The first two things I discovered after moving to Dublin were the social welfare office and Michael Duffy's bouldering co-op, the smallest climbing gym on Earth. What a fantastic place. Really. Everything was overhanging, everything was hard, and I could only use the 10 biggest holds, but what a place. Dark, cold, dirty, the smell of sweat, chalk, mould, and urine, hidden somewhere in a garage in an alley in south Dublin. A few months in this paradise, so I thought, would turn me into back into the climber I once was and then some. The future was bright.


The legendary bouldering co-op.

This was December 2009. I lost it in the year 2010. It's difficult to say when exactly it happened. It might have been an afternoon in March, when I left the co-op with burning forearms after 60 minutes of traversing on easy holds. Something is wrong, I thought. Stripped from the social context and the stupid ambition to reach the next grade, then the next, and so on, I lost track of what I actually wanted. What climbing actually meant for me. I made some progress getting back on track when I found the limestone traverses under the Milltown LUAS bridge and the extremely long seawall traverse at White Rock, figuring out the intrinsic challenge of sticking to a piece of vertial rock, balancing the various body parts**, exploiting the texture and friction of the rock. Just sticking to the wall. I still like this feeling. But I don't think this makes me a climber. Not anymore.

Because climbing is not just about touching rocks. Climbing is a sport, a game if you want, and as a game it has a framework of rules that tell you what to do. In contrast to games like chess and football, climbing rules are rarely written down, and if they are, they are called 'ethics', rather interestingly. Take for example the endless debates about bolting or not bolting which in the end come down to the question what kind of game people want to play - a complicated social, historical, and necessarily subjective question. Each type of climbing has its own set of rules, and if you want to be a climber, you accept at least one of these sets. It's not very difficult, either. But the moment you do this, the perception changes. You see the world with different eyes.


The crux of the Milltown traverse is on the right side.

This is not obvious and not trivial. Here is the test: Stand in front of a rock wall and tell me what you see. Any normal person will probably say something about colour or shape of the wall and then change the subject. A geologist will say something about schist, the Caledonian orogeny and possible negative gravity anomalies. The climber on the other hand will quickly point out the crack with good handholds or the difficult roof section or the fact that there is no way in hell anybody could go up this blank face without a piton.

It's pattern recognition - you compare everything you see in the mountains against a set of pattern stored in your brain, and because you are a climber, these pattern consist of routes and problems, in guidebooks usually shown as red lines on top of a rock face. The boulderer sees the 6a arrete, where other people just look at the edge of a rock. He sees microcrimps where other people just see some weird structures. Every feature of the rock is interpreted as a possible part of a route.

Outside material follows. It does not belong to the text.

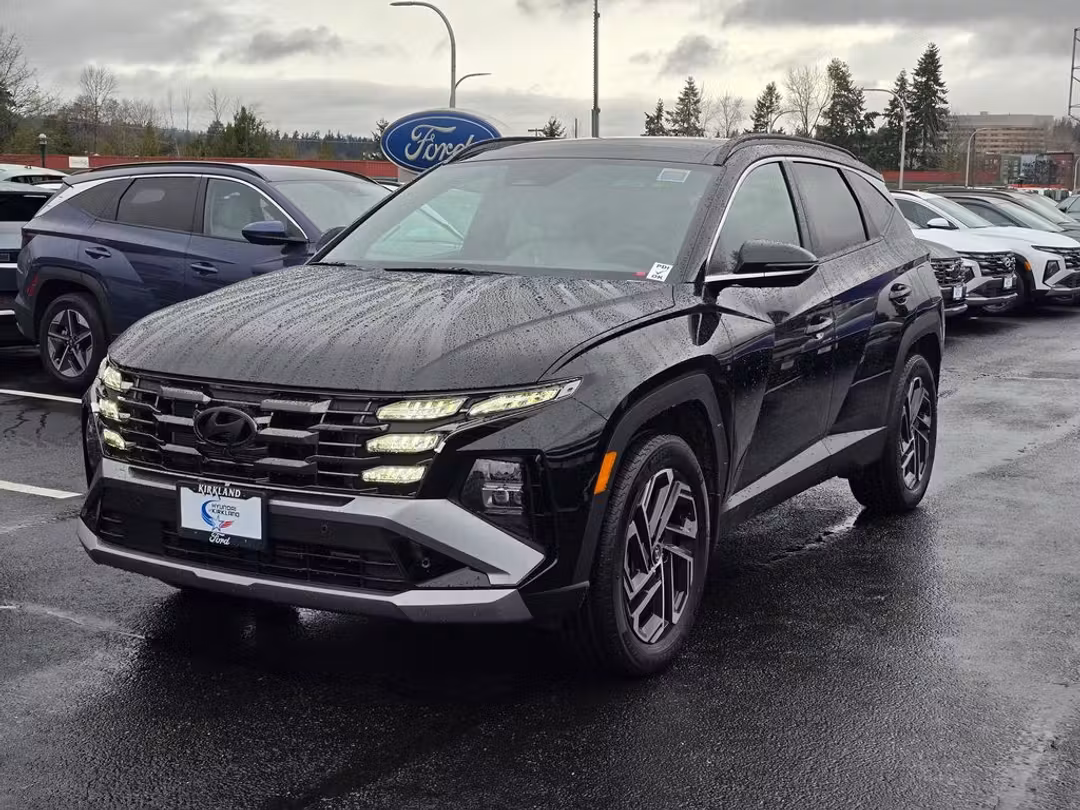 2026 Hyundai Tucson Hybrid Limited - Image 3
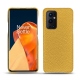 OnePlus 9 Pro leather cover - Mimosa ( Pantone 141C )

But here is the thing: The red lines in the guidebooks - the 6a arrete, the roof problem, the handholds, the microcrimps - do not exist out there. The rocks don't know anything about microcrimps. They don't know what constitutes a good boulder problem or a quality slab route. These are all concepts, nice concepts, admittedly, but nonetheless concepts that we made up to play a game. In essence, a climber doesn't climb the rock, he climbs a concept in his mind. Or in the mind of someone who wrote the guidebook, who in turn was affected by the minds of thousands of climbers before him. And there is absolutely nothing wrong with climbing a concept. It's just important to be clear.

Because here is what I see when I look at the aforementioned rock wall. Three things: First, I'm impressed. Second, I think about an imaginary climber, say, Reinhold Messner, scaling the difficult chimney or some other feature in the center of the wall. And third, I try to figure out a way how to get up the hill without actually climbing the wall. The easiest way, not the hardest. The weakness of the mountain or the boulder or whatever it is. Which is an interesting exercise, it's just not climbing. It might also be chickening out, but who knows. While I see the same features a climber sees, I don't want to play his game.


Red dots on the Ghost slab in Dalkey Quarry.

Dave MacLeod, one of my superheros, wrote this rather stunning sentence in a blogpost: The medium of movement on rock allows us to crack open the beauty of rock not fully visible to the eye and get more back. I think he is right, climbing allows people - the climber and everybody who watches the youtube videos later on - to access a different dimension to the rock. I just think this dimension is not out there, it's in our minds. That's why it is invisible. Because I can see the three dimensional structure of the rock, what I can't see is the route - I need the climber to make this concept of a route visible.

The climber sees routes as the stargazer sees constellation on the night sky. This type of specialised, trained pattern recognition has a lot of advantages. It makes it interesting to look at something that might seem dull and featureless for the untrained eye. A climber, as far as I understand it, can spend hours analysing a small piece of rock. During these hours, he sort of communicates with the wall, ideas are bouncing back and forth between the climber and the wall. A mental picture of the wall is formed in the mind of the climber. In a sense, the climber recreates the wall in his mind. What used to be an arbitrary geological structure on some arbitrary planet, becomes a specific, emotionally laden sequence of information in the conscious mind of a human being. The wall has become a story.***


The great smelling boulders of Mullaghdoo.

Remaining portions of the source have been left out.